In addition, we expect to rely on our Agency RMBS (as well as MBS that are not issued or guaranteed by an Agency, or “non-Agency RMBS,” and other securities) as collateral for our financings under the repurchase agreements that we have entered, or will enter, into. Any decline in their value, or perceived market uncertainty about their value, would make it more difficult for us to obtain financing on our Agency RMBS on acceptable terms or at all, or to maintain compliance with the terms of any financing transactions.




Interest rate mismatches between our assets and our borrowings may reduce our income during periods of changing interest rates and increases in interest rates could adversely affect the value of our assets.
Some of our assets are fixed-rate securities or have a fixed rate component (such as RMBS backed by residential mortgage loans that have interest rates that are fixed for a specified period of time and, thereafter, adjust to an increment over a specified interest rate index, or “hybrid ARMs”). This means that the interest we earn on these assets will not vary over time based upon changes in a short-term interest rate index. Although the interest we earn on our RMBS backed by adjustable-rate residential mortgage loans, or “ARMs,” generally will adjust for changing interest rates, such interest rate adjustments may not occur as quickly as the interest rate adjustments to any related borrowings, and such interest rate adjustments will generally be subject to interest rate caps, which potentially could cause such RMBS to acquire many of the characteristics of fixed-rate securities if interest rates were to rise above the cap levels. We intend to fund our fixed-rate targeted assets with short-term borrowings. Therefore, to the extent we finance our assets with floating-rate debt or debt with shorter maturities, such as repurchase agreements, there will be an interest rate mismatch between our assets and liabilities. The use of interest rate hedges also will introduce the risk of other interest rate mismatches and exposures, as will the use of other financing techniques. Additionally, to the extent cash flows from RMBS are reinvested in new RMBS, the spread between the yields of the new RMBS and available borrowing rates may decline, which could reduce our net interest margin or result in losses.

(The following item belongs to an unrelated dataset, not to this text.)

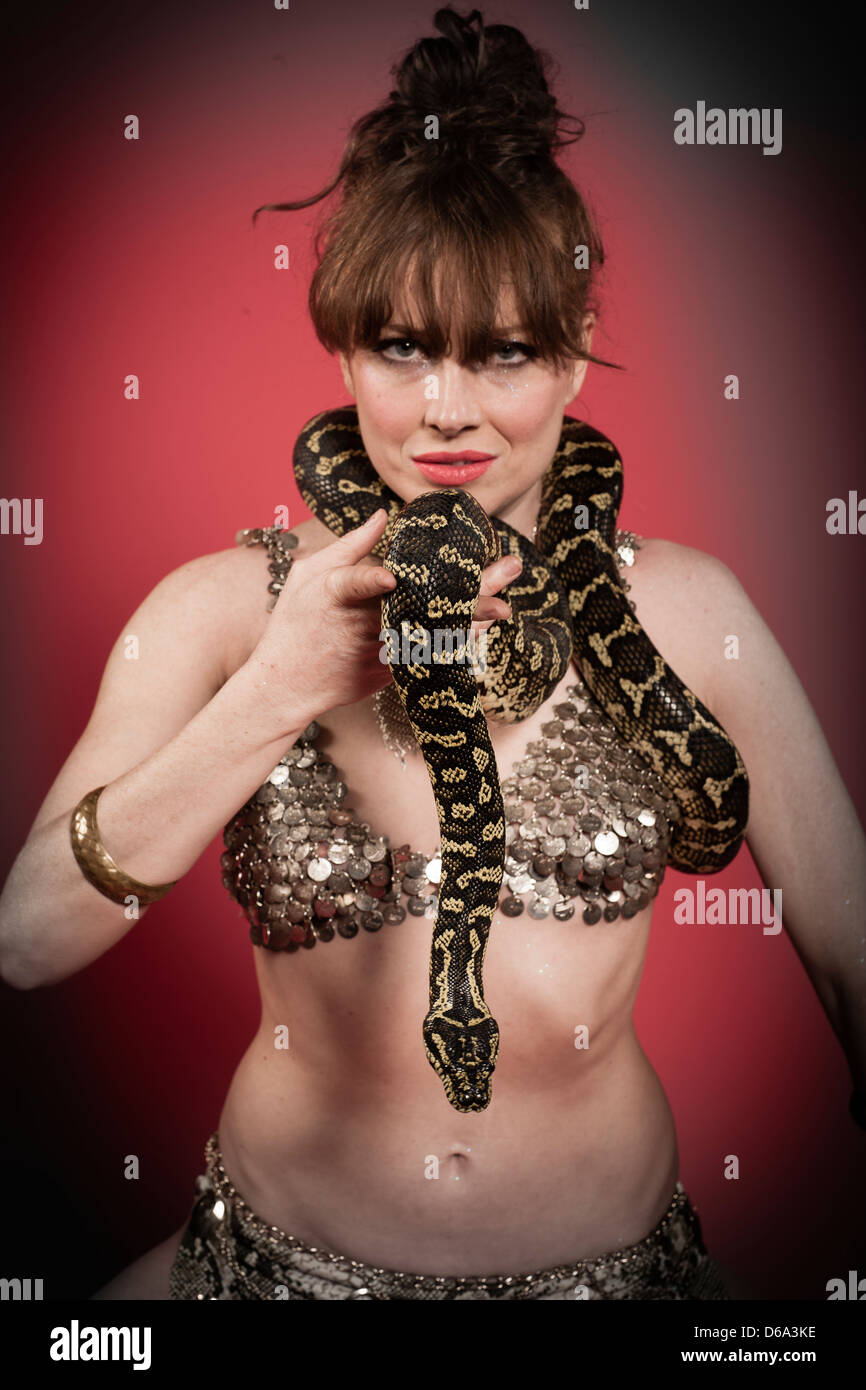 Belly dancer wearing snake Stock Photo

Fixed income assets, including many RMBS, typically decline in value if interest rates increase. If long-term rates increased significantly, not only will the market value of these assets be expected to decline, but these assets could lengthen in duration because borrowers are less likely to prepay their mortgages.

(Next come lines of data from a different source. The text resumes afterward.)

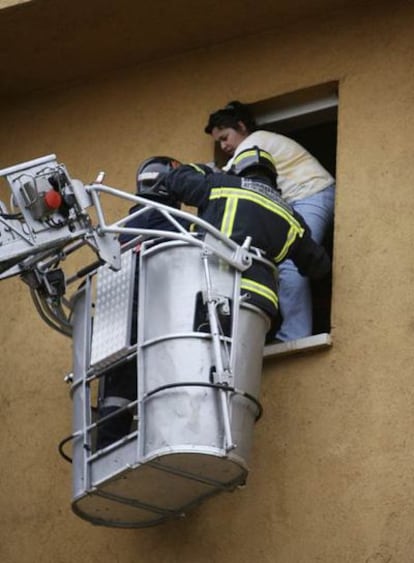 Dos bomberos rescatan a una vecina de la vivienda incendiada en Guadalajara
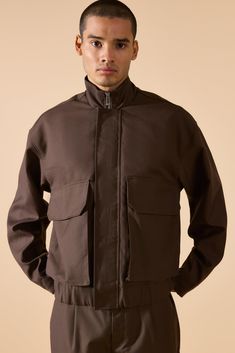 Keep out the chill while looking slick in a boohooMAN coat. Rev up your outerwear inventory this season with our unrivalled collection of coats and jackets for men. Whether you're looking for a heavy coat to combat the low temperatures, or a lightweight jacket to stand out while having fun at your favourite festival, we've got the trendiest designs to finish off your outfit with. Puffers, parkas and borg jackets are the perfect choices if you want to bundle up without sacrificing on style, and Urban Outerwear With Stand Collar And Ribbed Cuffs, Urban Outerwear With Ribbed Cuffs And Stand Collar, Winter Outerwear With Stand Collar For Streetwear, Winter Streetwear Outerwear With Stand Collar, Urban Cotton Outerwear For Cold Weather, Fall Techwear Track Jacket With Stand Collar, Fall Techwear Windbreaker With Stand Collar, Urban Cotton Outerwear For Winter, Urban Style Parka For Streetwear In Fall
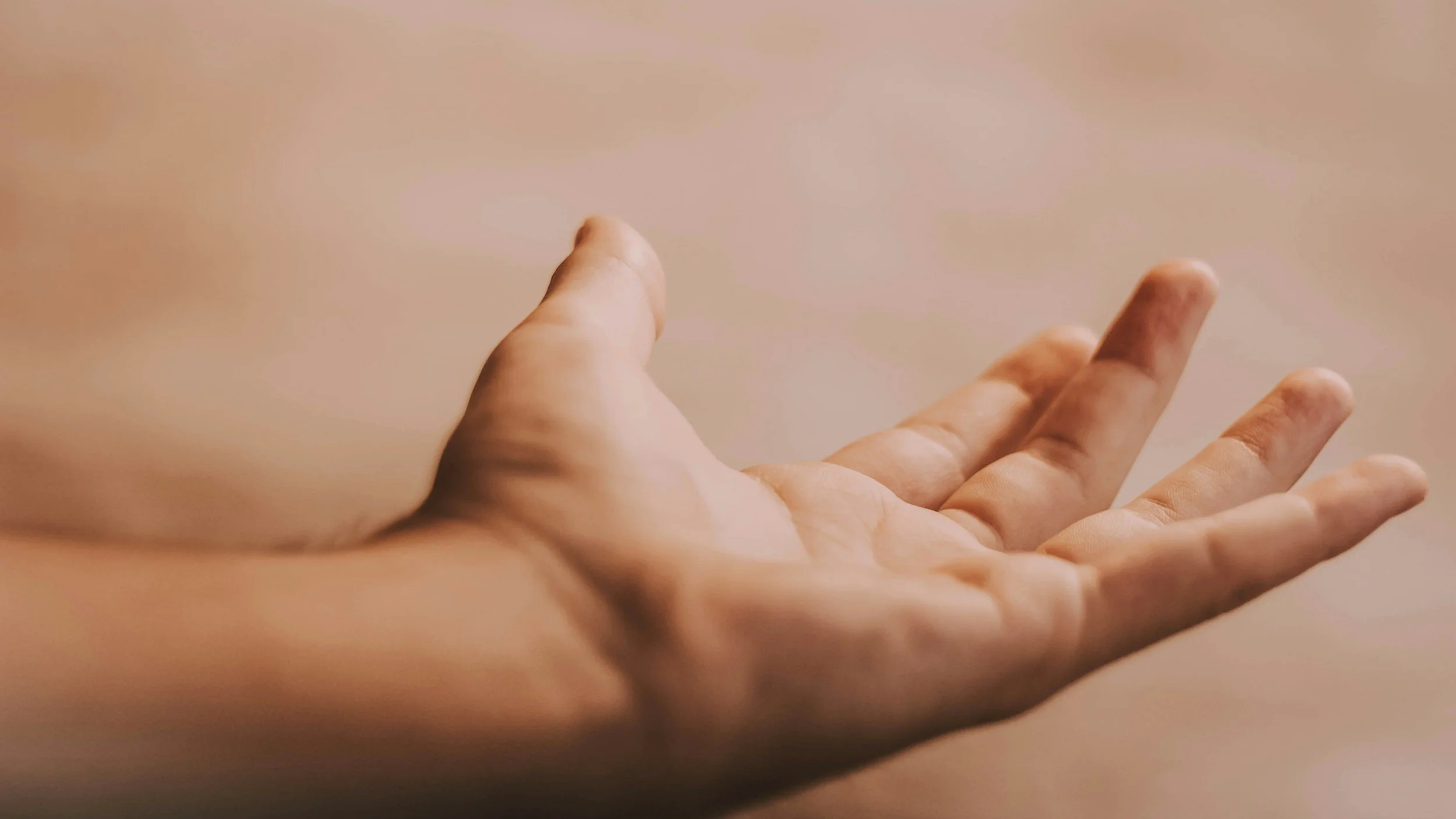 Close-up of two hands with fingers slightly spread, positioned over a plain, neutral background.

Interest rates are highly sensitive to many factors, including governmental monetary and tax policies, domestic and international economic and political considerations and other factors beyond our control.

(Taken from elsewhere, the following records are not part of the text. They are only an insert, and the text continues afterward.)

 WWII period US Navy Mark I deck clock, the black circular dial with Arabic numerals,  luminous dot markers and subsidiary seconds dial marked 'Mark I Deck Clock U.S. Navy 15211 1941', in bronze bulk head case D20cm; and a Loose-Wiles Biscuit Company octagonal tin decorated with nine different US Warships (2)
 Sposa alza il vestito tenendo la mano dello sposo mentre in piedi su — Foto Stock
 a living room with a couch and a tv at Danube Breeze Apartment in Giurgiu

Subject to qualifying and maintaining our qualification as a real estate investment trust, or “REIT,” we opportunistically hedge our exposure to changes in interest rates, but there can be no assurances that our hedges will be successful, or that we will be able to enter into or maintain such hedges. As a result, interest rate fluctuations can cause significant losses, reductions in income, and limitations on our cash available for distribution to shareholders.
Certain actions by the U.S. Federal Reserve could materially adversely affect our business, financial condition and results of operations and our ability to pay distributions to our shareholders.
On September 21, 2011, the U.S. Federal Reserve announced “Operation Twist,” a program by which it purchased, by the end of December 2012, more than $650 billion of U.S. Treasury securities with remaining maturities between six and 30 years and sold an equal amount of U.S. Treasury securities with remaining maturities of three years or less. In addition, on September 13, 2012, the Federal Reserve announced a third round of quantitative easing, or “QE3,” which is an open-ended program designed to expand the Federal Reserve's holdings of long-term securities by purchasing an additional $40 billion (net) of Agency RMBS per month until key economic indicators show sufficient signs of improvement.
In December 2012, in an effort to keep long-term interest rates at low levels, the U.S. Federal Reserve announced an expansion of its asset buying program starting in January 2013, at which time it would commence outright purchases of longer-term U.S. Treasury securities at a pace of $45 billion per month. This new U.S. Treasury securities purchase program replaces “Operation Twist,” which expired in December 2012. On January 30, 2013, the U.S Federal Reserve affirmed its intention to continue this policy. The effect of Operation Twist, or the securities purchase program that replaced it, has been and could continue to be a flattening in the yield curve, which could result in increased prepayment rates (resulting from lower long-term interest rates, including mortgage rates) and a narrowing of our net interest margin. Conversely, the precipitous termination of (or even just a phasing out of) U.S. Federal Reserve asset purchase programs could cause interest rates to rise substantially. See “-Interest rate mismatches between our assets and our borrowings may reduce our income during periods of changing interest rates and increases in interest rates could adversely affect the value of our assets.” The modification or termination by the U.S. Federal Reserve of any of its programs could materially adversely affect our business, financial condition and results of operations and our ability to pay distributions to our shareholders.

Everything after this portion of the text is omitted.